Name	Type	Description
`statistic`	`float`	The computed test statistic (t or F).
`pvalue`	`float`	The p-value of the statistical test.
`main_stat`	`str`	The formatted test statistic string for display.
`expression`	`str`	Full LaTeX-style annotation string.
`is_ANOVA`	`bool`	True if test is ANOVA, False if t-test.
`is_paired`	`bool`	Whether a paired test was used.
`dof`	`int`	Degrees of freedom for t-tests.
`dof_between`	`int`	Between-group degrees of freedom (for ANOVA).
`dof_within`	`int`	Within-group degrees of freedom (for ANOVA).
`n_cat`	`int`	Number of unique categories in the group column.
`n_obs`	`int`	Total number of observations.
`ax`	`Axes`	The matplotlib axes used for plotting.

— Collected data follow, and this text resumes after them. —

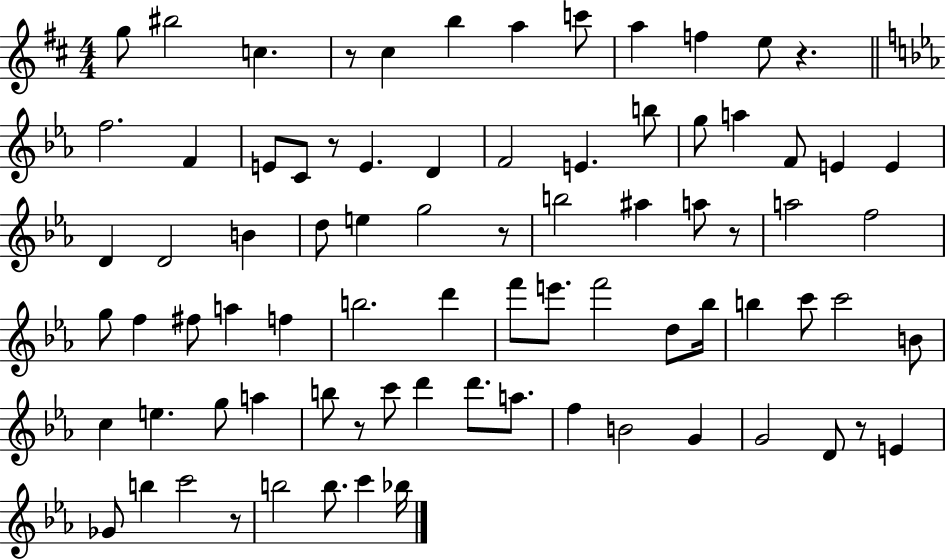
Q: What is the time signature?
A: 4/4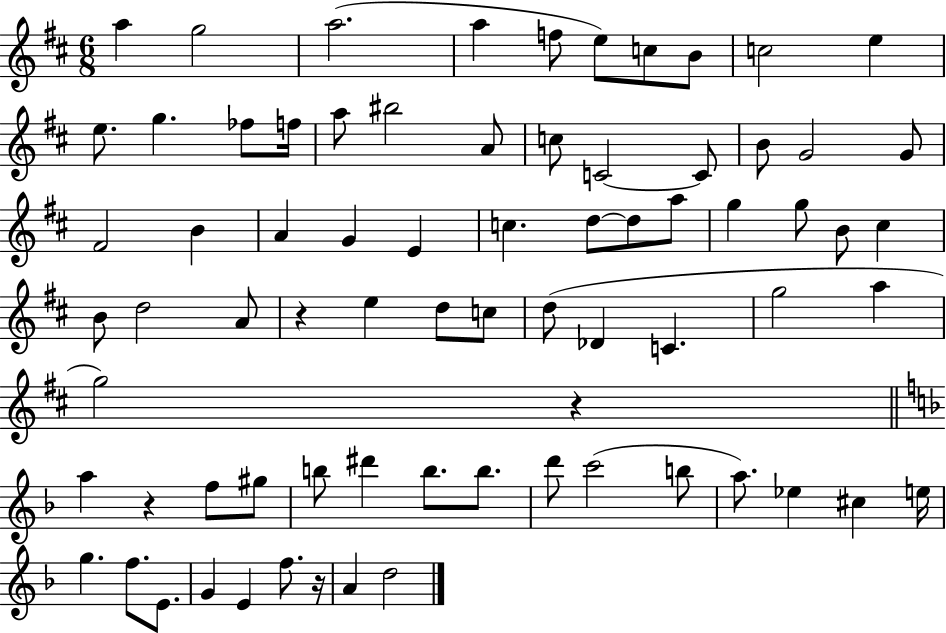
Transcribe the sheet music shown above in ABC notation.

X:1
T:Untitled
M:6/8
L:1/4
K:D
a g2 a2 a f/2 e/2 c/2 B/2 c2 e e/2 g _f/2 f/4 a/2 ^b2 A/2 c/2 C2 C/2 B/2 G2 G/2 ^F2 B A G E c d/2 d/2 a/2 g g/2 B/2 ^c B/2 d2 A/2 z e d/2 c/2 d/2 _D C g2 a g2 z a z f/2 ^g/2 b/2 ^d' b/2 b/2 d'/2 c'2 b/2 a/2 _e ^c e/4 g f/2 E/2 G E f/2 z/4 A d2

`init(x, y, data=None, paired=False, **kwargs)`

Initialize a BetweenStats() instance.

Parameters:

Name	Type	Description	Default
`x`	`Union[str, SeriesT, Iterable]`	Colname of `data` or a Series or array-like.	required
`y`	`Union[str, SeriesT, Iterable]`	Colname of `data` or a Series or array-like.	required
`data`	`Optional[Frame]`	An optional dataframe.	`None`
`paired`	`bool`	If True, perform paired t-test (only for 2 groups).	`False`
`kwargs`		Additional arguments passed to the scipy test function. Either `scipy.stats.ttest_rel()`, `scipy.stats.ttest_ind()`, or `scipy.stats.f_oneway()`.	`{}`

`plot(*, orientation='vertical', colors=None, show_stats=True, violin=True, box=True, scatter=True, violin_kws=None, box_kws=None, scatter_kws=None, ax=None)`

Plot and fit the BetweenStats class to data and render a statistical comparison plot. It detects how many groups you have and apply the required test for this number. All arguments must be passed as keyword arguments.

Parameters:

Name	Type	Description	Default
`orientation`	`str`	'vertical' or 'horizontal' orientation of plots.	`'vertical'`
`colors`	`Optional[list]`	List of colors for each group.	`None`
`show_stats`	`bool`	If True, display statistics on the plot.	`True`
`violin`	`bool`	Whether to include violin plot.	`True`
`box`	`bool`	Whether to include box plot.	`True`
`scatter`	`bool`	Whether to include scatter plot of raw data.	`True`
`violin_kws`	`Union[dict, None]`	Keyword args for violinplot customization.	`None`
`box_kws`	`Union[dict, None]`	Keyword args for boxplot customization.	`None`
`scatter_kws`	`Union[dict, None]`	Keyword args for scatter plot customization.	`None`
`ax`	`(Axes,)`	Existing Axes to plot on. If None, uses current Axes.	`None`

Returns:

Type	Description
`Figure`	A matplotlib Figure.

`summary()`

Print a text summary of the statistical test performed.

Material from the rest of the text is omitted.